In 1979, one of the leading American art critics Rosalind Krauss published an outstanding essay titled Sculpture in the expanded field to emphasize the hybrid nature of contemporary sculpture by underlining the overlapping of architecture, sculpture, installation. At that moment, various emerging artists started experimenting in that fashion, and one of them was the critically acclaimed British figure Anish Kapoor.

Kapoor gained prominence for his early geometric or biomorphic sculptures made from simple materials such as granite or limestone. As Kapoor’s career progressed, he started exploring matter and non-matter, with a special focus on the concept of “void” resulting in free-standing sculptural formations and installations. His mid-1990s reflective works made from stainless steel showed a refreshed deliberation of the sculpture form, while the red wax opened up a new chapter in his career during the 2000s.
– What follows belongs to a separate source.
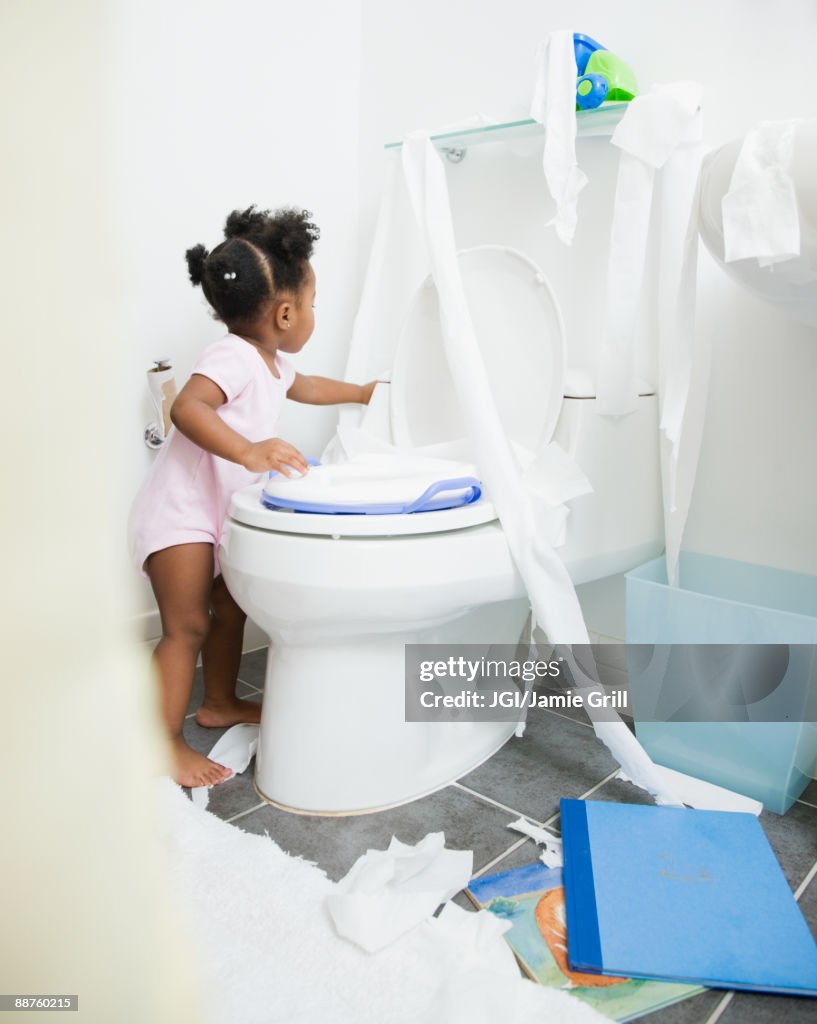 African American girl spreading toilet paper around bathroom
To unwind his notable deeds, the Central Academy of Fine Arts (CAFA) Museum in joined efforts with the Taimiao Art Museum of the Imperial Ancestral Temple in Bejing decided to host an astonishing survey of Kapoor’s simplistic, yet to a certain extent mysterious approach to the explorations of space and the objects inhabiting it.

Anish Kapoor - To Reflect an Intimate Part of the Red
Anish Kapoor – To Reflect an Intimate Part of the Red, 1981. Mixed media and pigment, 200 x 800 x 800 cm. © Anish Kapoor. All rights reserved, 2019. Courtesy the artist, Lisson Gallery and Galleria Continua. Photo: Andrew Penketh

Anish Kapoor’s Chinese Solo Exhibition

This two-part exhibition of work by Anish Kapoor is curated by a team consisting of Fan Di’an (President of China Artists Association and the Central Academy of Fine Arts), Su Xinping (Vice President of the Central Academy of Fine Arts), Zhang Zikang (Director of CAFA Art Museum), Wang Chunchen (Deputy Director of CAFA Art Museum), Yue Jieqiong (Executive Director of Taimiao Art Museum), and curatorial adviser Hans Ulrich Obrist (Director of the Serpentine Galleries, London).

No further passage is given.